» **Required work**:
Give back the whole listing word for word and skip each picture.

+++++

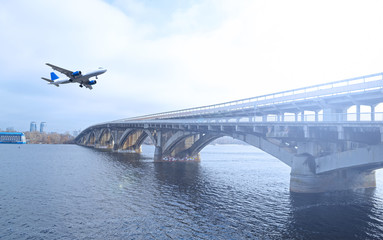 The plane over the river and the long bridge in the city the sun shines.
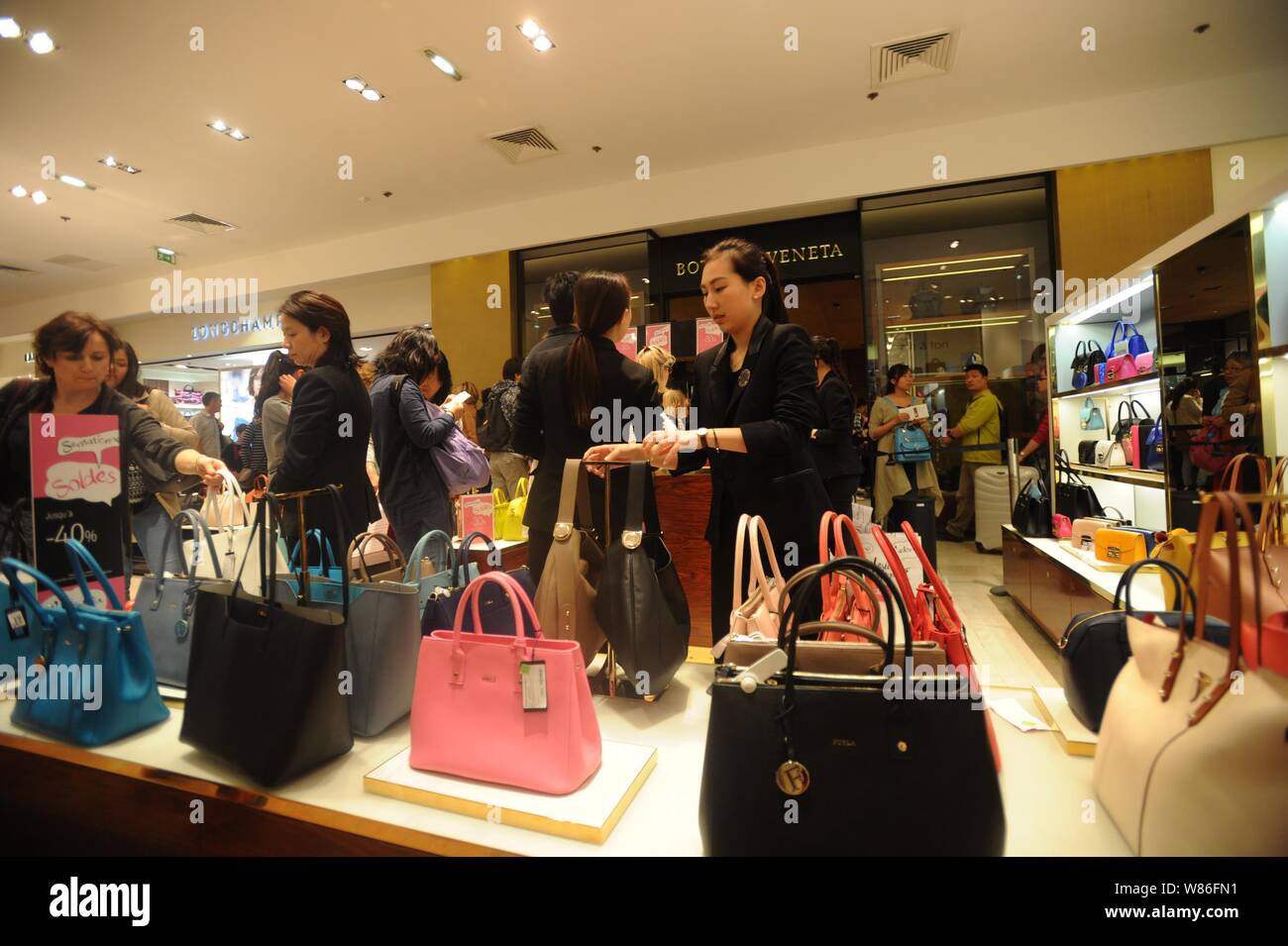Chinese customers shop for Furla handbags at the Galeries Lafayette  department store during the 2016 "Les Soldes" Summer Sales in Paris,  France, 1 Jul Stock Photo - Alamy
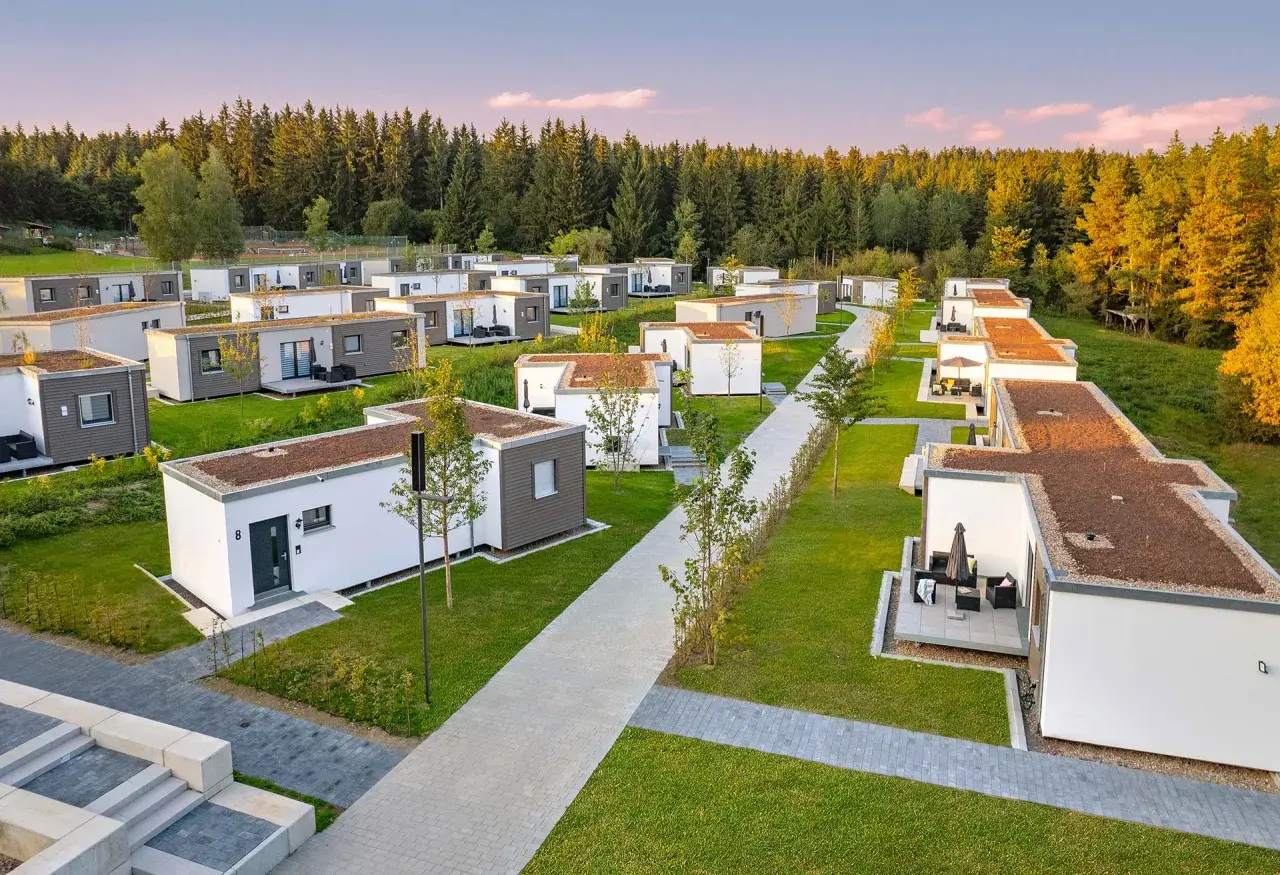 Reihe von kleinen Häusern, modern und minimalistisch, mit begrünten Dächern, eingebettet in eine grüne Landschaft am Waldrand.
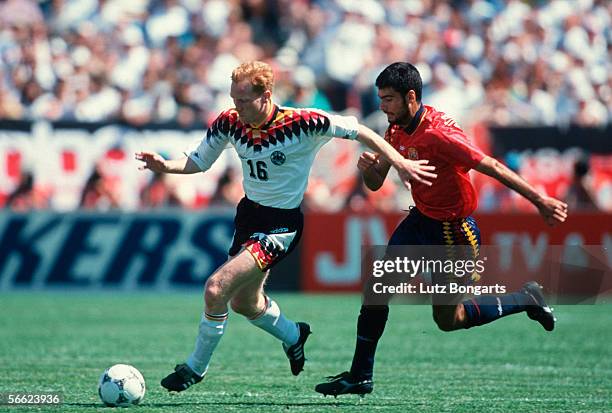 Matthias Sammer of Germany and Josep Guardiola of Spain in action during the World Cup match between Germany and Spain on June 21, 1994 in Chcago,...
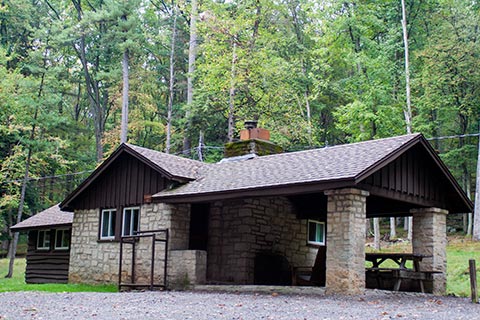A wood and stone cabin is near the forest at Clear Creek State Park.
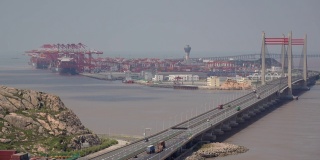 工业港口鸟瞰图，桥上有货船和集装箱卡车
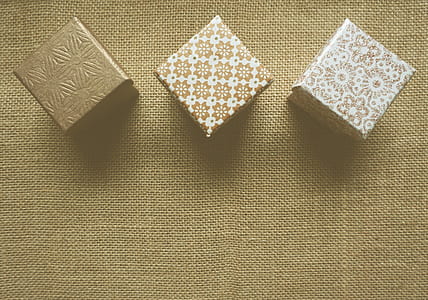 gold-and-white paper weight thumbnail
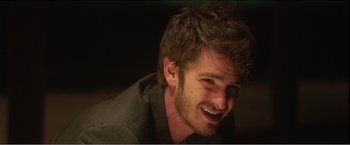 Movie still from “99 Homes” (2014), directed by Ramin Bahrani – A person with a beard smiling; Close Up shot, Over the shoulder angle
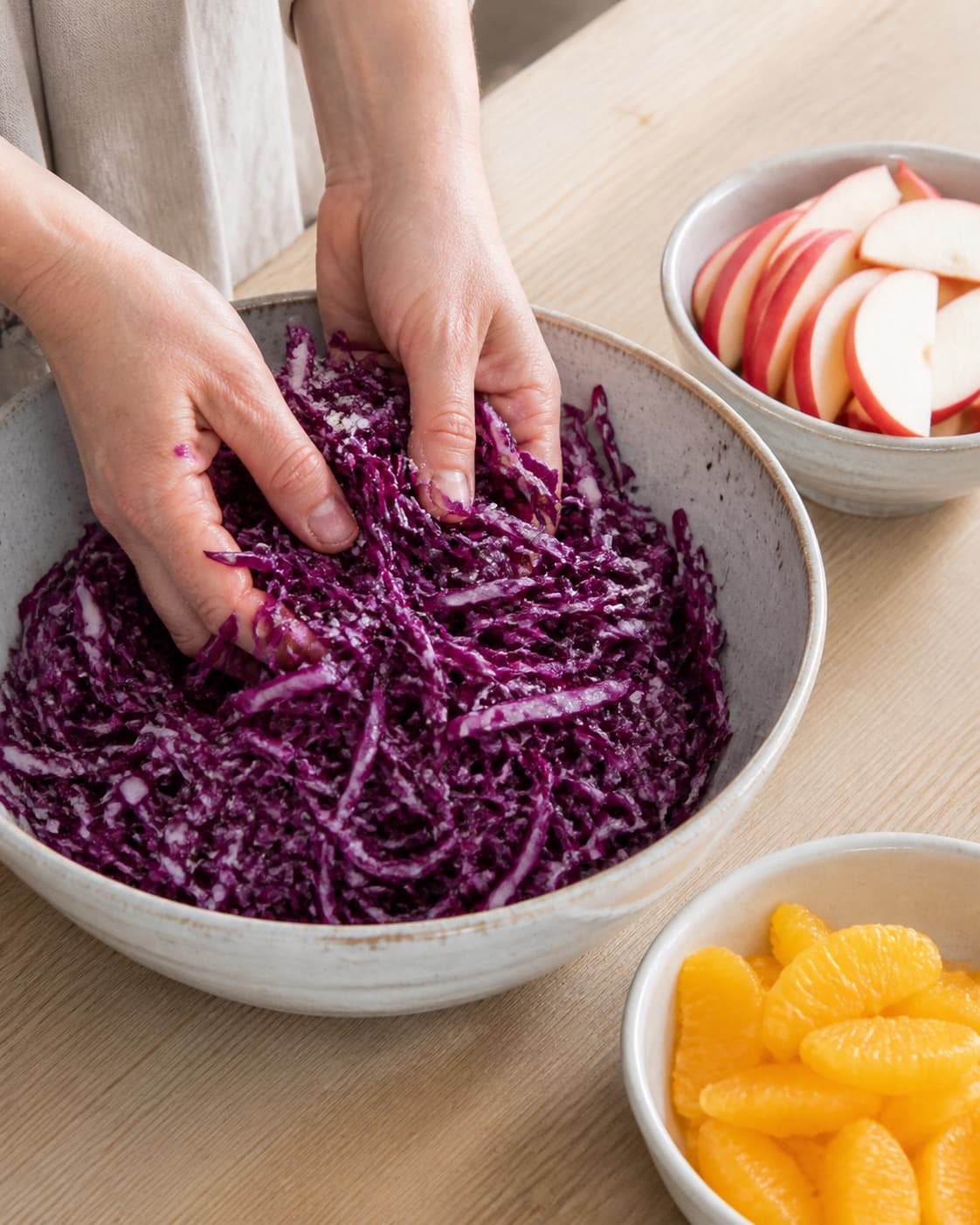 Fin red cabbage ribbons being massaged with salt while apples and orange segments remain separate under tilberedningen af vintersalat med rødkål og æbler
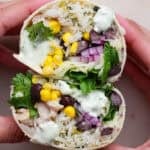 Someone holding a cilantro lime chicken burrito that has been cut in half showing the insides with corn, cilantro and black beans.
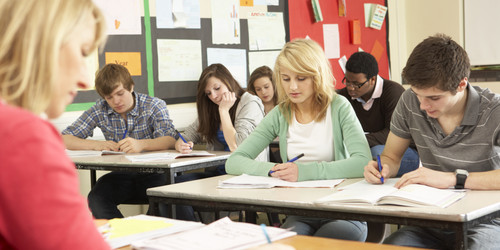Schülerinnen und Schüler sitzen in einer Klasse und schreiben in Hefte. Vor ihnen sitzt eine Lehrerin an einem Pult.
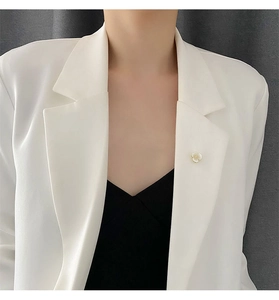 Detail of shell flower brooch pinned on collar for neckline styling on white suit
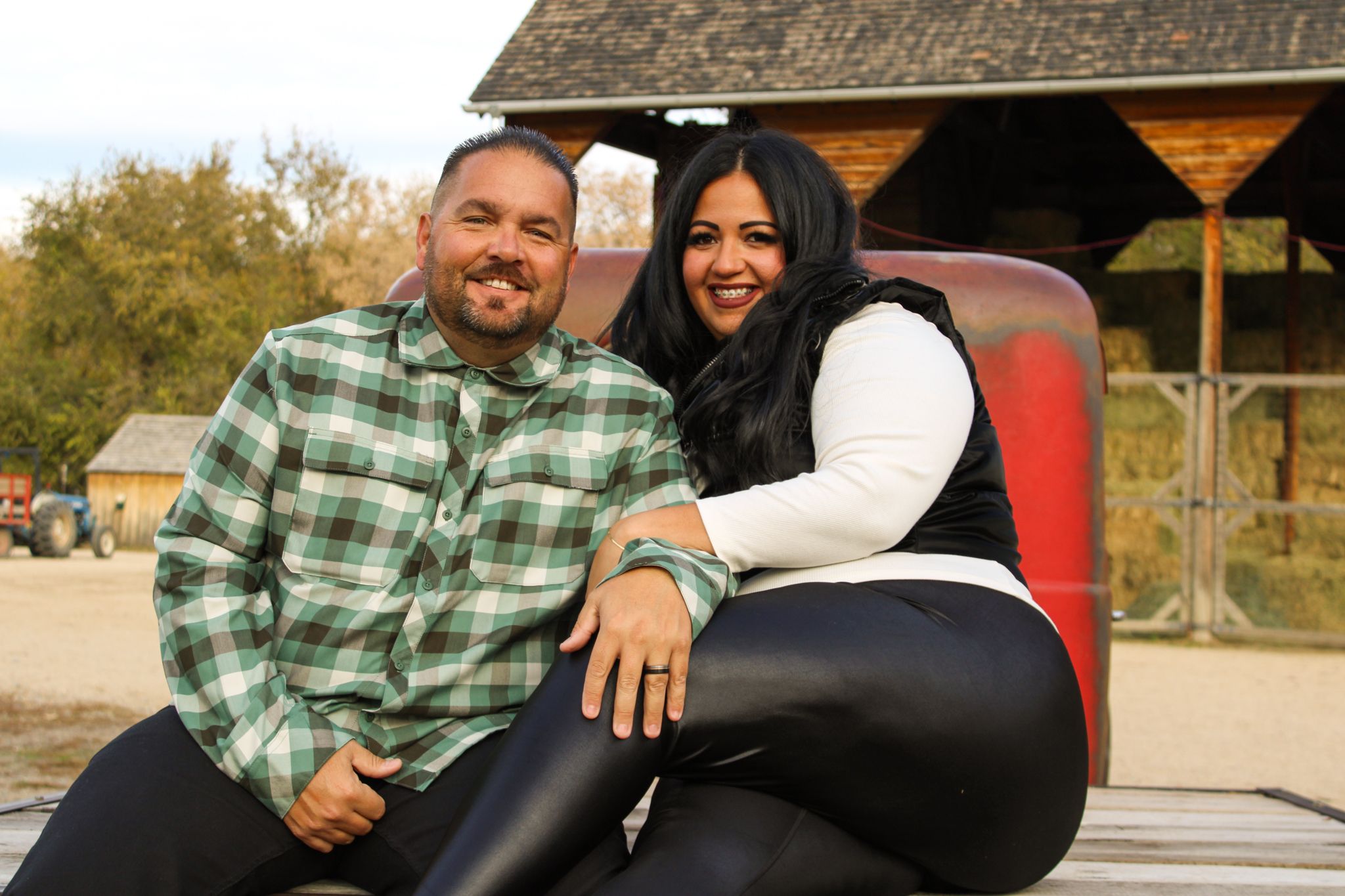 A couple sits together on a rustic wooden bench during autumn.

+++++

» **Solution to this exercise**:
 The plane over the river and the long bridge in the city the sun shines.
Chinese customers shop for Furla handbags at the Galeries Lafayette  department store during the 2016 "Les Soldes" Summer Sales in Paris,  France, 1 Jul Stock Photo - Alamy
 Reihe von kleinen Häusern, modern und minimalistisch, mit begrünten Dächern, eingebettet in eine grüne Landschaft am Waldrand.
 Matthias Sammer of Germany and Josep Guardiola of Spain in action during the World Cup match between Germany and Spain on June 21, 1994 in Chcago,...
A wood and stone cabin is near the forest at Clear Creek State Park.
 工业港口鸟瞰图，桥上有货船和集装箱卡车
 gold-and-white paper weight thumbnail
 Movie still from “99 Homes” (2014), directed by Ramin Bahrani – A person with a beard smiling; Close Up shot, Over the shoulder angle
 Fin red cabbage ribbons being massaged with salt while apples and orange segments remain separate under tilberedningen af vintersalat med rødkål og æbler
 Someone holding a cilantro lime chicken burrito that has been cut in half showing the insides with corn, cilantro and black beans.
Schülerinnen und Schüler sitzen in einer Klasse und schreiben in Hefte. Vor ihnen sitzt eine Lehrerin an einem Pult.
 Detail of shell flower brooch pinned on collar for neckline styling on white suit
 A couple sits together on a rustic wooden bench during autumn.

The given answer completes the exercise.